### ENTRIES PROVIDED ###

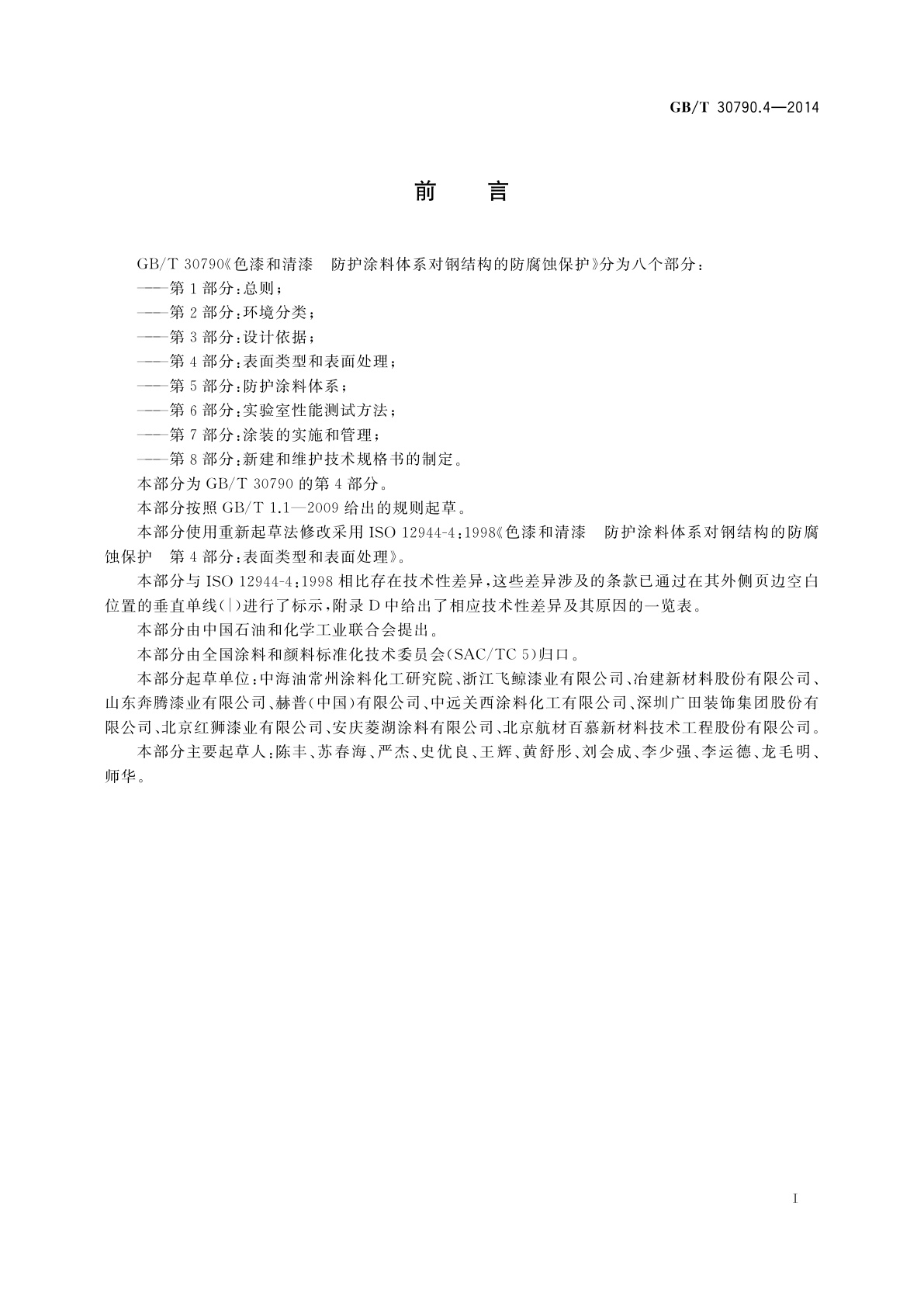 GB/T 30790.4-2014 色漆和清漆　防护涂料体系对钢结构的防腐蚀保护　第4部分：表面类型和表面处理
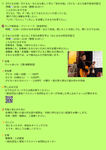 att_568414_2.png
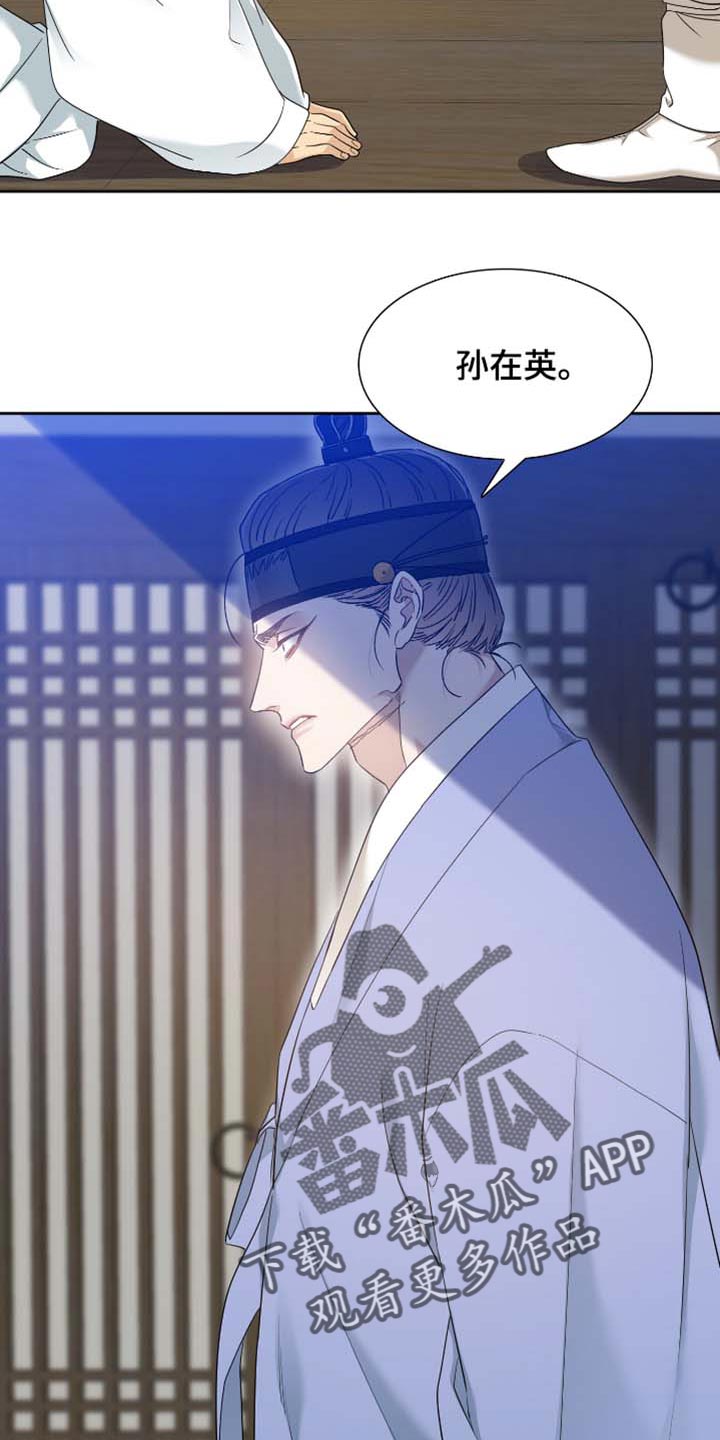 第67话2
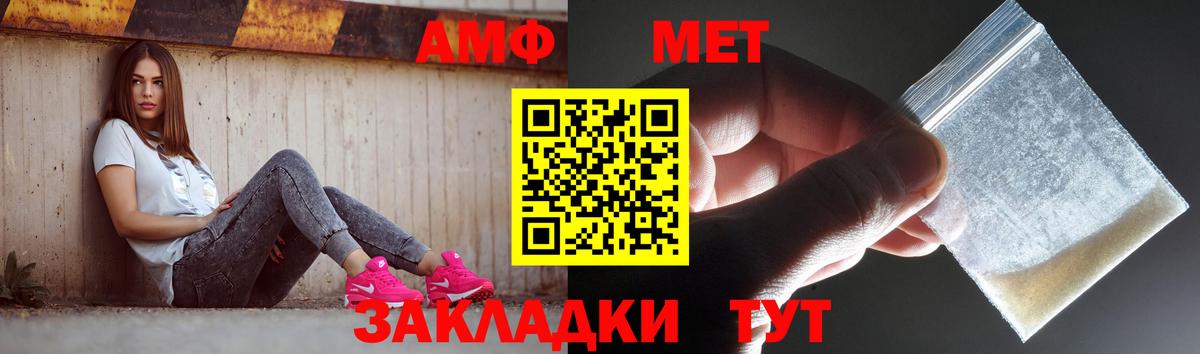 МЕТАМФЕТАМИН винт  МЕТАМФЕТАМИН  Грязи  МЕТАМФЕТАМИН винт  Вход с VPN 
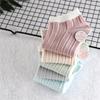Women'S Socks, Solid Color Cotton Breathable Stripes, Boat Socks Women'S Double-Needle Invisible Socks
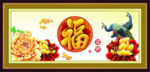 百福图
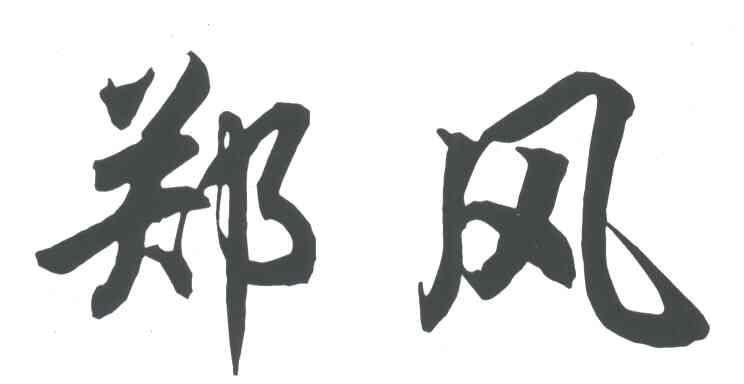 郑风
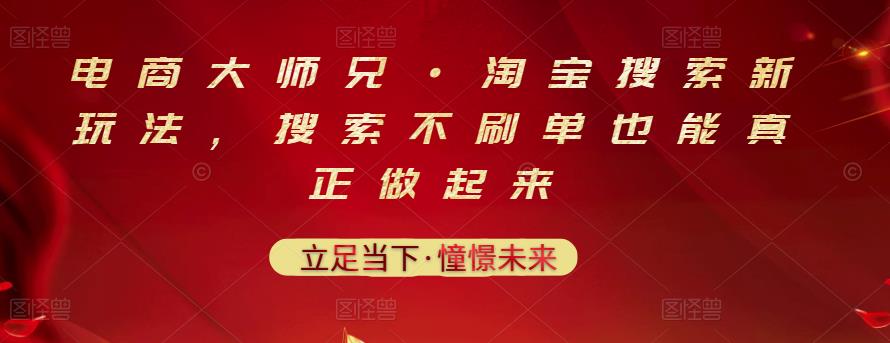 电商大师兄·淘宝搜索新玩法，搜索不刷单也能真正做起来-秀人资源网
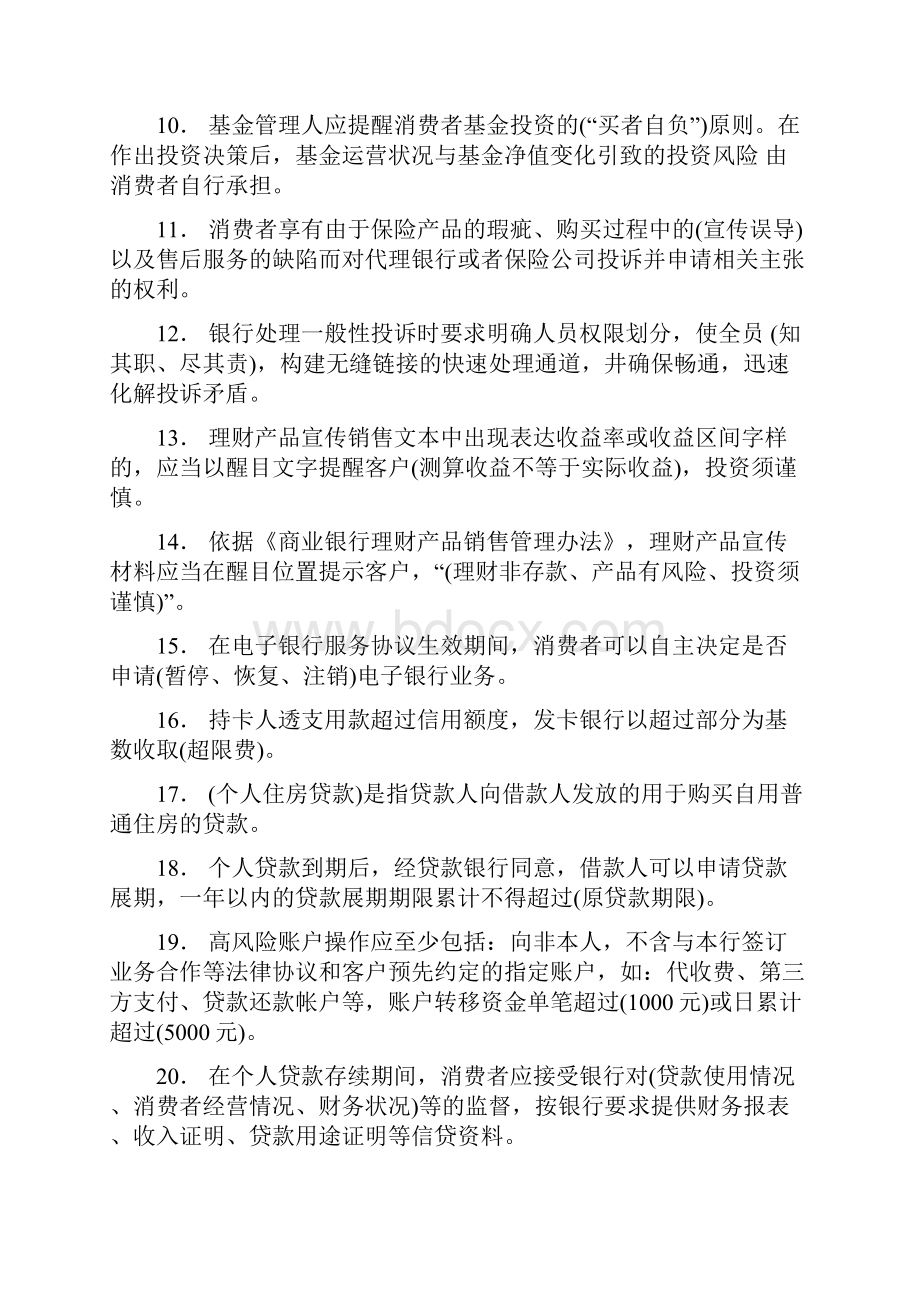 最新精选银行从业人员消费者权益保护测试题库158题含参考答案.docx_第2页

###

WORK TO COMPLETE:
Could you write out every record exactly, leaving the pictures out?

SOLUTION TO THIS EXERCISE:
 GB/T 30790.4-2014 色漆和清漆　防护涂料体系对钢结构的防腐蚀保护　第4部分：表面类型和表面处理
 att_568414_2.png
 第67话2
 МЕТАМФЕТАМИН винт  МЕТАМФЕТАМИН  Грязи  МЕТАМФЕТАМИН винт  Вход с VPN 
Women'S Socks, Solid Color Cotton Breathable Stripes, Boat Socks Women'S Double-Needle Invisible Socks
 百福图
 郑风
 电商大师兄·淘宝搜索新玩法，搜索不刷单也能真正做起来-秀人资源网
 最新精选银行从业人员消费者权益保护测试题库158题含参考答案.docx_第2页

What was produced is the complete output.